Krzyczą, że Rosja mieszała się w wybory. Może się jednak okazać, że Obamę wybrali im nielegalni imigranci

Po niezręcznej konferencji Trumpa z Putinem w Stanach, wśród Demokratów wybuchła prawdziwa histeria. Zarzucają mu zdradę i niedostateczne potwierdzanie, że Rosjanie mieszali się w wybory prezydenckie. Tymczasem jak donosi „Washington Times” może się okazać, że to 5,7 miliona głosujących nielegalnie mogło przyczynić się do zwycięstwa Obamy w 2008 roku.

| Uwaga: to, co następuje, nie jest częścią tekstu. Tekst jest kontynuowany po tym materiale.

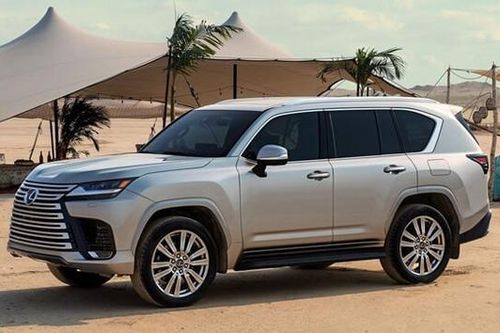 Toyota gọi sửa chữa Lexus LX600 và Land Cruiser tại Việt Nam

Waszyngtoński dziennik przytacza wyniki raportu organizacji „Just Facts”, która przeanalizowała dane z wyborów prezydenckich 2008 roku. Dostarczyła ich grupa badawcza Harvard/YouGov, która co dwa lata bada próbkę 10 tysięcy wyborców. Wśród nich są ci, którzy oddali głosy chociaż nie są amerykańskimi obywatelami, a więc nie mjąa praw wyborczych.

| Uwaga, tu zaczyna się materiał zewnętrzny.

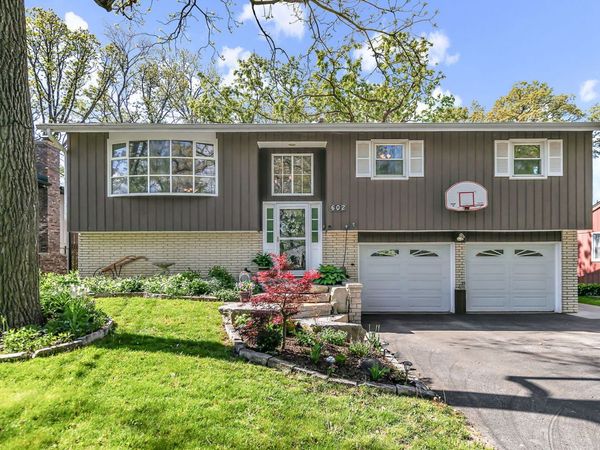 602 Delaware Drive, Lake In The Hills, IL 60156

Do tego dochodzą badania Uniwersytetu Old Dominion z Wirginii. Z tych badań wynika, że w wyborach oddano od 38 tysięcy do nawet 2,8 miliona nielegalnych głosów. Według „Just Facts” która porównała obydwa wyniki badań i bazy danych aż 7,9 milionów osób nieposiadających obywatelstwa zarejestrowało się do wyborów z czego pomiędzy 600 tysięcy do 5,7 miliona miało oddać głosy.

Według organizacji w 2012 roku jako wyborcy nielegalnie zarejestrowało się pomiędzy 3,2 mln, a 5,6 mln z czego głosować mogło nawet 3,6 miliona.

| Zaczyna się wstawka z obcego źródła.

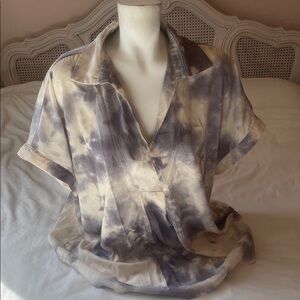Easel Los Angeles Tie-Dye Short Sleeve Blouse💙 Lovely Large Excellent Condition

Wyniki te opierają się też na oficjalnych danych rządu dotyczących posługiwania się przez imigrantów fałszywymi dowodami tożsamości i innymi dokumentami pozwalającymi normalnie funkcjonować w USA.

W zrobionych niezależnie badaniach w niektórych okręgach wyborczych w stanach Maryland i Wirginia odkryto tysiące nielegalnie zarejestrowanych.

Prawo wyborcze jest w USA niezwykle liberalne. By zagłosować trzeba się wcześniej tylko zarejestrować. Przy rejestracji w wielu stanach nie potrzeba okazywać żadnego dokumentu. Przy samym głosowaniu również nie trzeba go okazywać, wystarczy tylko być zarejestrowanym na liście.

Prawo to jest od lat przedmiotem sporu pomiędzy Republikanami, a Demokratami. Republikanie chcą wprowadzić wymóg okazania dokumentów przy rejestracji i głosowaniu. Sprzeciwiają się temu Demokraci twierdząc, że to rasistowskie i ma wyeliminować głosy murzynów, którzy często nie mają żadnych dokumentów.

Tymczasem Demokratom chodzi oczywiście o to, by w wyborach brali udział imigranci w tym, ci którzy są w USA nielegalnie. Imigranci tradycyjnie, w przytłaczającej większości oddają głosy właśnie na Demokratów. Stąd też polityka Demokratów otwarcia granic dla jak największej liczby imigrantów. Chodzi o import elektoratu.